Virtual machines (VMs) solve the problem of many tiny servers on a big server. VMs are a logical outgrowth of Moore’s Law: server CPUs got bigger, faster, than the apps required. And Windows Server didn’t handle multiple apps well.
But the growth of 100 megawatt Internet-scale data centers has architects rethinking efficiency-at-scale. As James Hamilton put it in his presentation
Internet-Scale Service Infrastructure Efficiency (pdf):
Single dimensional performance measurements are not interesting at scale unless balanced against cost
Therefore: work done per $; per joule; and per rack.
Because CPU performance has grown so much faster than storage – disk and DRAM – over the last 30 years, powerful multicore CPUs are spending much of their time idling. The microslice server idea: build servers from slower, cheaper and much more power-efficient CPUs.
Amazon has done just that. A microslice prototype jointly developed with SGI – formerly Rackable – using a lower power Athlon 4850e CPU handled over 9x the requests per second (RPS) of a rack of conventional servers.

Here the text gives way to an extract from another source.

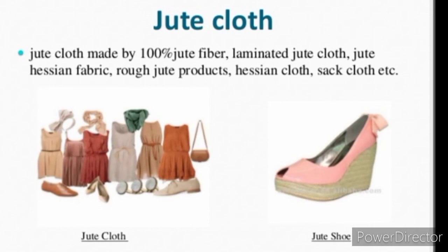Jute Cloth: Jute cloth made by 100% jute fiber, laminated jute cloth, jute hessian and fabric, rough jute products, hessian cloth, sack cloth, etc.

And the server cost just $500, used 1/5th the power and provided about 70% of the performance (RPS) of the much costlier server. Higher density – something like 6 servers per rack unit – provided the rack-level performance.
Disk Workload from Hell
At October’s 22nd ACM Symposium on Operating Systems Principles (SOSP) – David G. Andersen, Jason Franklin, Amar Phanishayee, Lawrence Tan, Vijay Vasudevan – all from Carnegie Mellon University – and Michael Kaminsky (Intel Research Pittsburgh) presented FAWN: A Fast Array of Wimpy Nodes, a Best Paper award winner.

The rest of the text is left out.